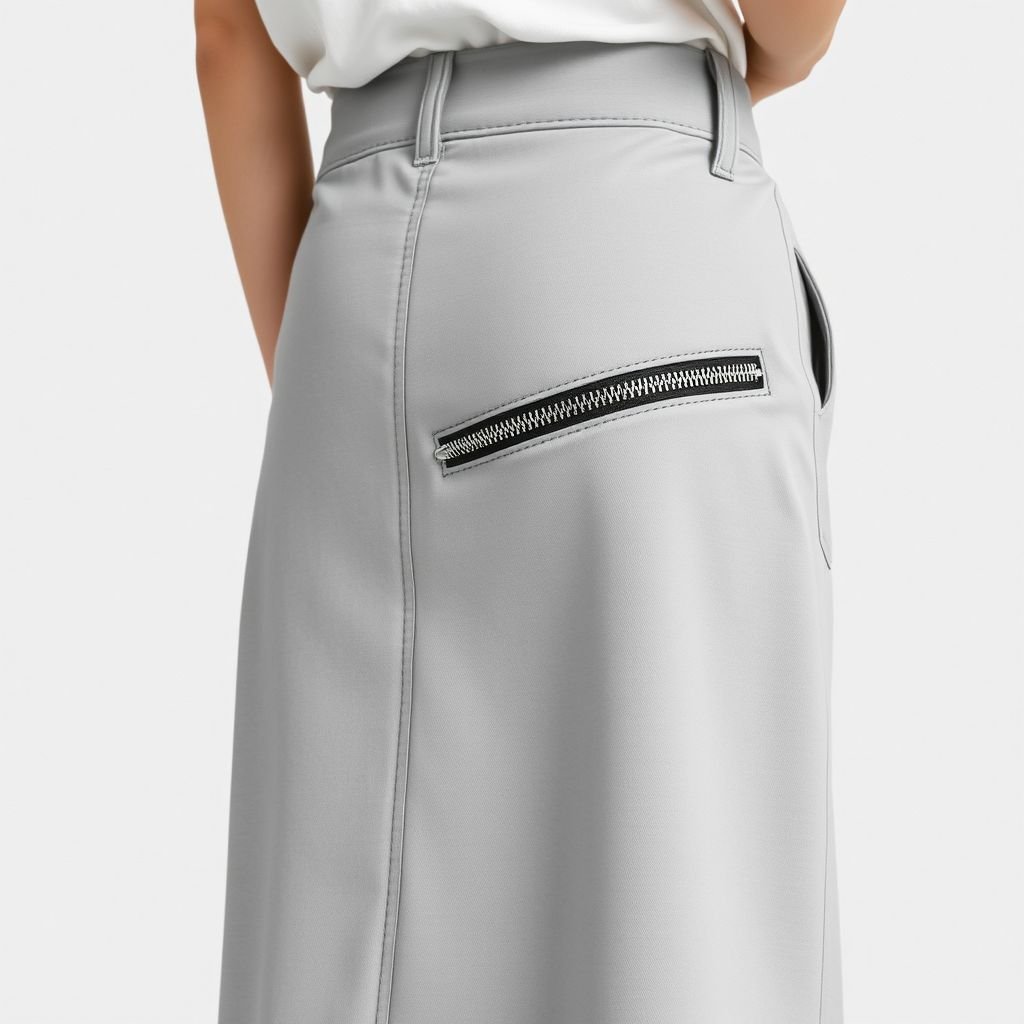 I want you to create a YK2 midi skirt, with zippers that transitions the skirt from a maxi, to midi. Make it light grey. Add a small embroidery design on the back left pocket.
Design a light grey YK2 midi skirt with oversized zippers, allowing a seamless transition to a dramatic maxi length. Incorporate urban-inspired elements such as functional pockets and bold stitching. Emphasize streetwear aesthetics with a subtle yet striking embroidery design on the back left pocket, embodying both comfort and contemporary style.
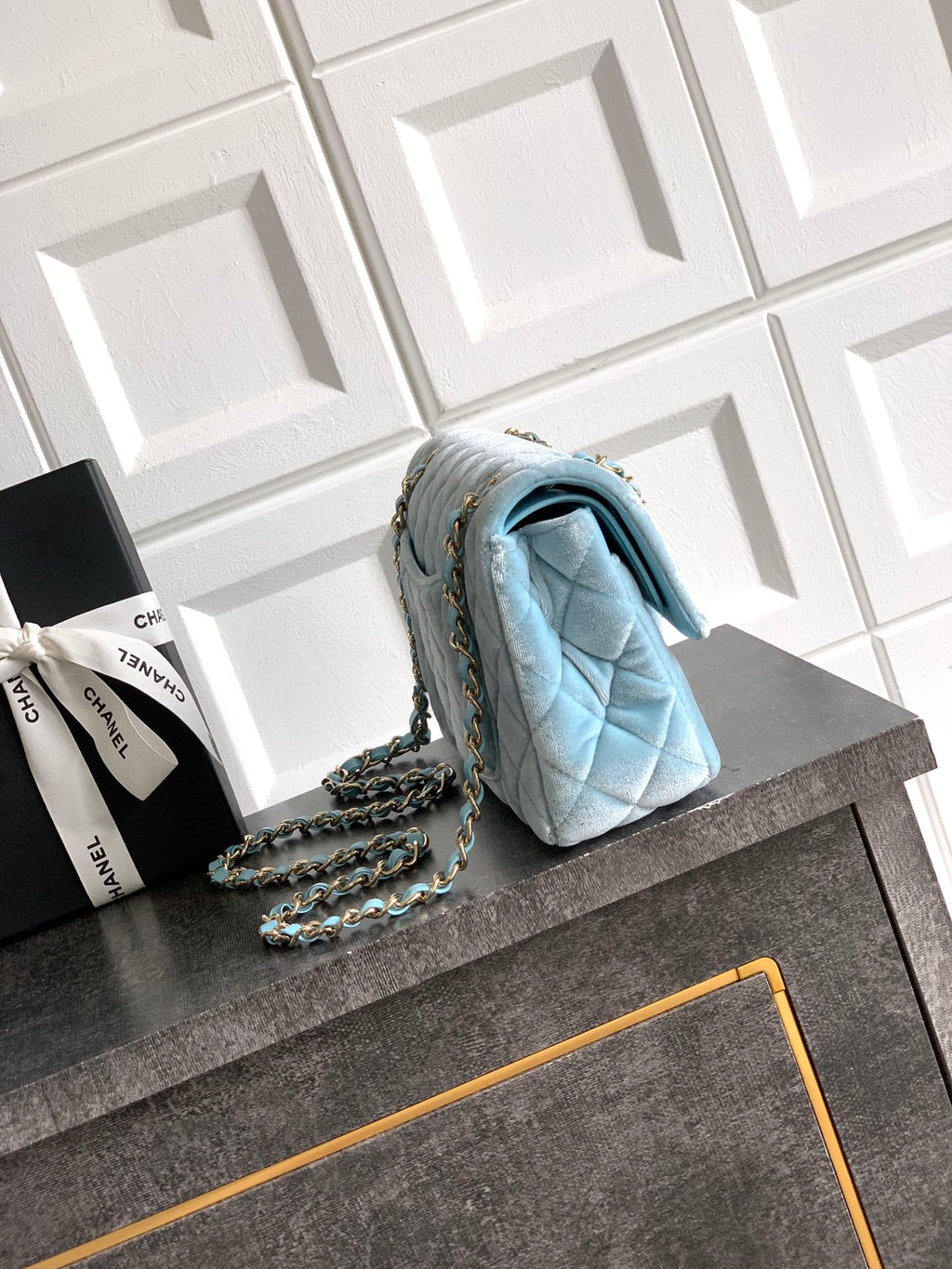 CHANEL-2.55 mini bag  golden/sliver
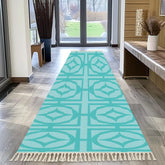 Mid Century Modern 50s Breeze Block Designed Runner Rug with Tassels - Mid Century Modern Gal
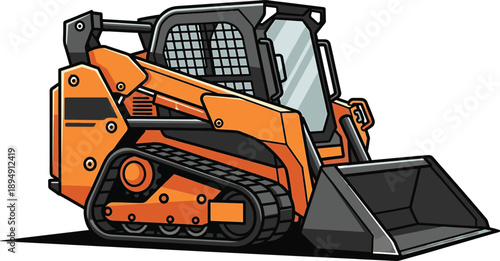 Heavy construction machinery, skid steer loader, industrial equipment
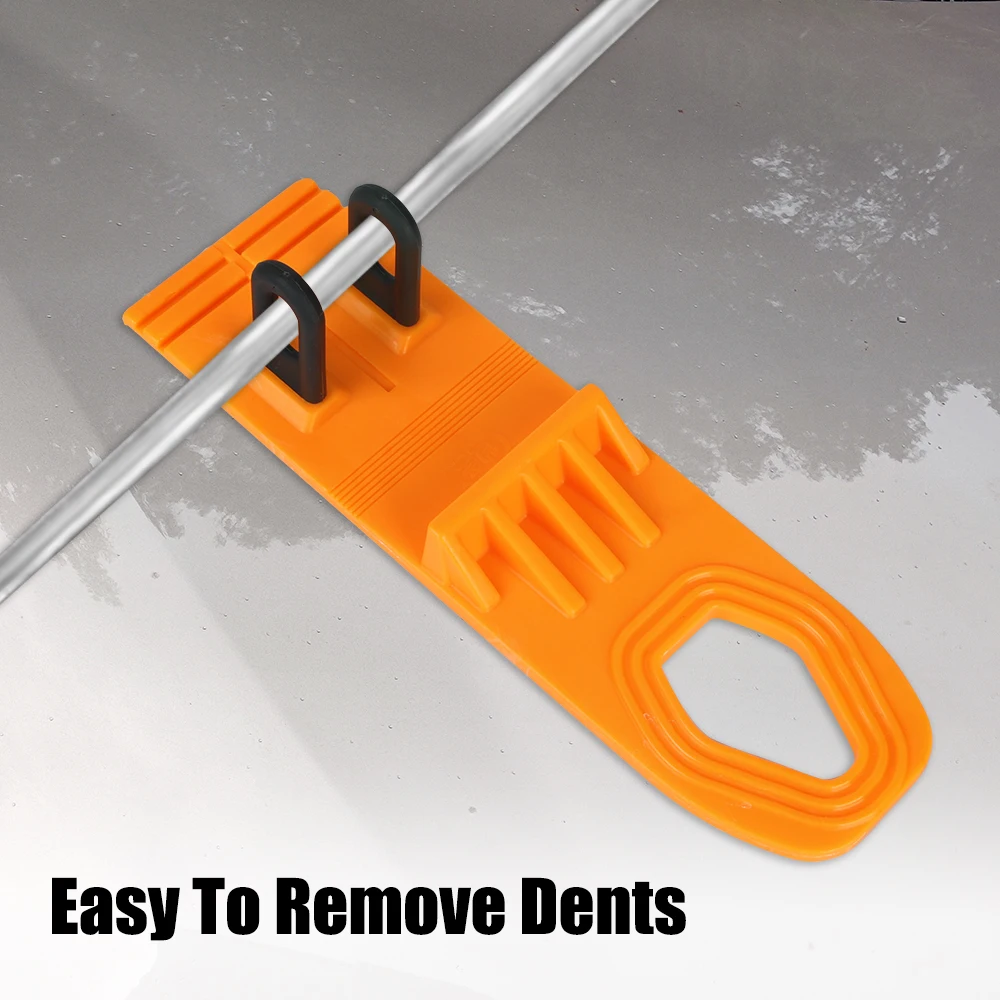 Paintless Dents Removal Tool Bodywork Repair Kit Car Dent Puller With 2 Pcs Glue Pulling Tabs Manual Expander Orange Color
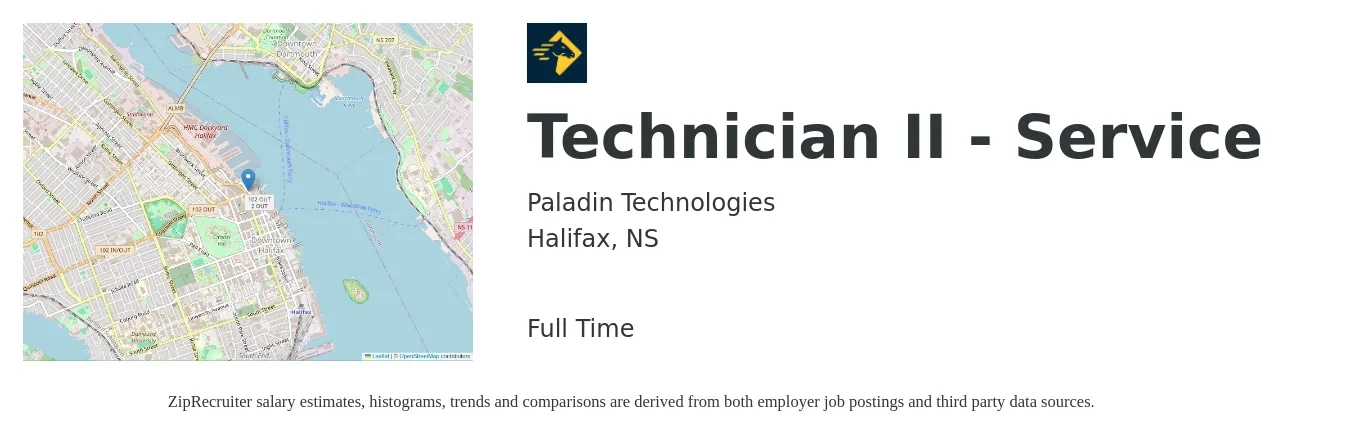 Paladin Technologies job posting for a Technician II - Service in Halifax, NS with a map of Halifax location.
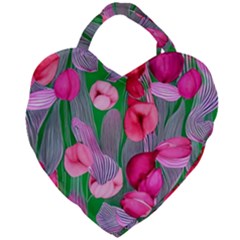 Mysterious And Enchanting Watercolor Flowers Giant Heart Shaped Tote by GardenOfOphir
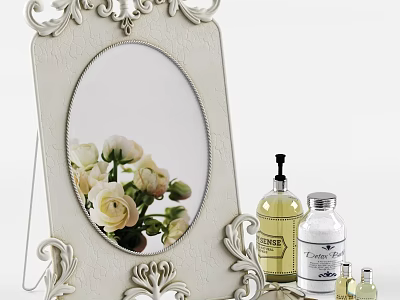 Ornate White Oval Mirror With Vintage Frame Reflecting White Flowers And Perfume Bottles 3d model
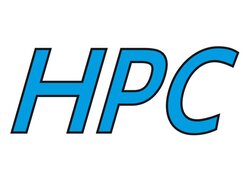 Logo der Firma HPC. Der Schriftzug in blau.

What to work on:
Please, leaving out all pictures, transcribe exactly the lines above from the one containing "Ornate White Oval" through the final line, both included.

Response below:
 Ornate White Oval Mirror With Vintage Frame Reflecting White Flowers And Perfume Bottles 3d model
 Logo der Firma HPC. Der Schriftzug in blau.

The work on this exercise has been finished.